マスコミ界の専門紙である文化通信の紙面に折り込まれるシステムとマーケティング情報に特化した冊子「文化通信bBB」に、私のインタビューが掲載されました。
内容はメディア企業のデジタル対応についてです。
日頃から私が主張していることがまとめてられていますが、改めて「デジタル化は流通チャンネルがまたひとつ増えた、という認識では失敗する」という話をしています。つまり、デジタル化とは、新たなビジネスモデルとバリューチェーンの構築であり、「組織のコアバリューを問う根本問題」なのです。
それは、「おまえはなにを売り物として、商売をしているのか?」を問うてくる経営課題です。
売り物は紙だ!と言いきるならば、紙メディアの売行き減とともに滅びるだけでしょう。
ゆえに、経営者に対し、デジタル化とは、紙以外の売り物を問うのです。そして、経営者が真剣にそれに解を見つけようとしない出版社(特に雑誌社・新聞社)に未来はないという主張をしています。
ほかにも、現行の出版社の取組みは間違いだらけ、という話をしていますが、それについては紙幅もないため、具体的には割愛しつつも、「雑誌のコアコンピタンスはその形状にあらず」という私の持論を展開しつつ、安易なデジタル化やユーザーを見てもいない「古いコンテンツをウェブにコピーしただけ」の方法論に疑義を呈しています。
『イノベーションへの解』の著者でもあるクレイトン・クリステンセン氏は、雑誌社のウェブへの取組み方について、具体的に4つの法則を挙げています。
1 ハイブリッド(混合)であれ
2 新しいオーディエンスに的を絞れ
3 新しいビジネスモデルに突入せよ
4 正しい「外部」の声を招きいれよ
上記は私が主張するまでもなく、非常に簡潔に核心を突いていると思います。
日本の出版社の取り組みが遅々として進まないのは、環境の変化に対する脅威や危機意識が欠乏しているというだけではなく、同族起業が多いため、トップダウン型に慣れ親しみ、さらにはビジ ネス・スタイルそのものが「内側」向きの「調整」主体だからだと思います。ゆえに取次、書店、版元の三位一体型のビジネス構造も「調整」ありきで、調和を崩す者は招かざる者なのです。

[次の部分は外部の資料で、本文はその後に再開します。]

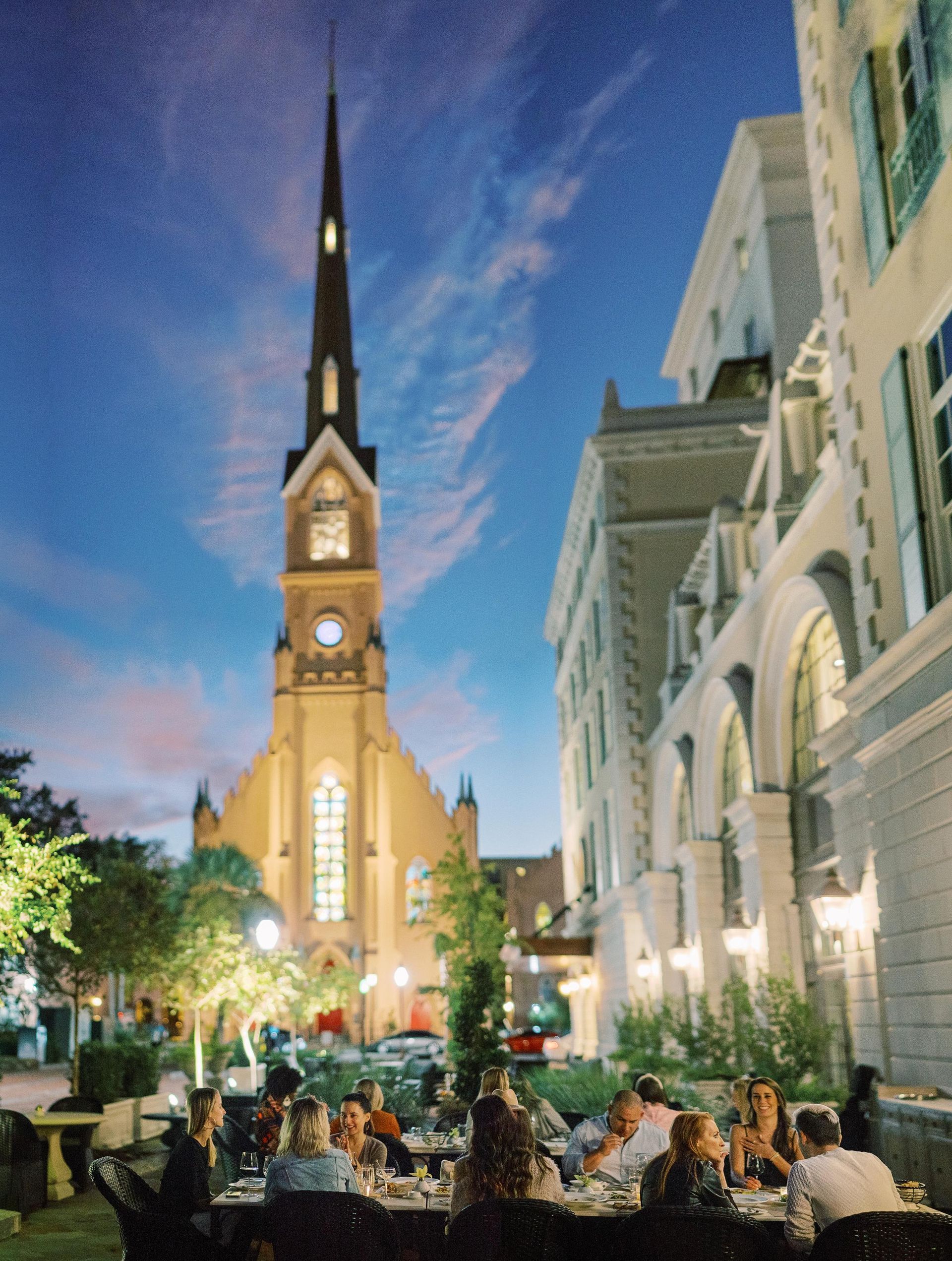 A group of people are sitting at tables in front of a church at night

しかし、本来、商売とは「外側」にいる消費者があって成り立つものであり、あるときには消費者を含むステークホルダーとの拮抗から生まれる緊張状態が、「進化」を促す場合があります。
また、コンテンツを組成するという行為は、「調整」のみではなく、時に「攻撃」や「破壊」すら含むクリエーティブなものです。しかし、「調整」しかしていないのに、文化に対しクリエイティビティを発揮しているという錯覚があるのではないでしょうか。この錯覚が、「こちらは昔からクリエイティブなのに、時代がダメになっている」という時代錯誤に転じなければいいのですが。
真に問うべきは、存在そのものがイノベーティブであるかどうかでしょう。
その意味でも、版元の進化に必要なことは、小手先のSEOやDTPに連動した統合ソフトを導入する云々など以前に、経営層が「舵取り」の目標を定めることだと、私は信じています。航路や航海の技術は、まず旅の目標がなければ意味がありません。後者だけが先走りした場合、船頭多くして船は進みません。
私のところにも、既存の版元から相談が持ち込まれることが時折ありますが、はっきり言って、小手先の技術やスタイルだけを教えても意味がないのです。ビジネスにしたいのなら、ゴールを明快にし、そこまでたどり着く強固な意思をもってこそ、それに応える気持ちも生まれてくるものだと考えます。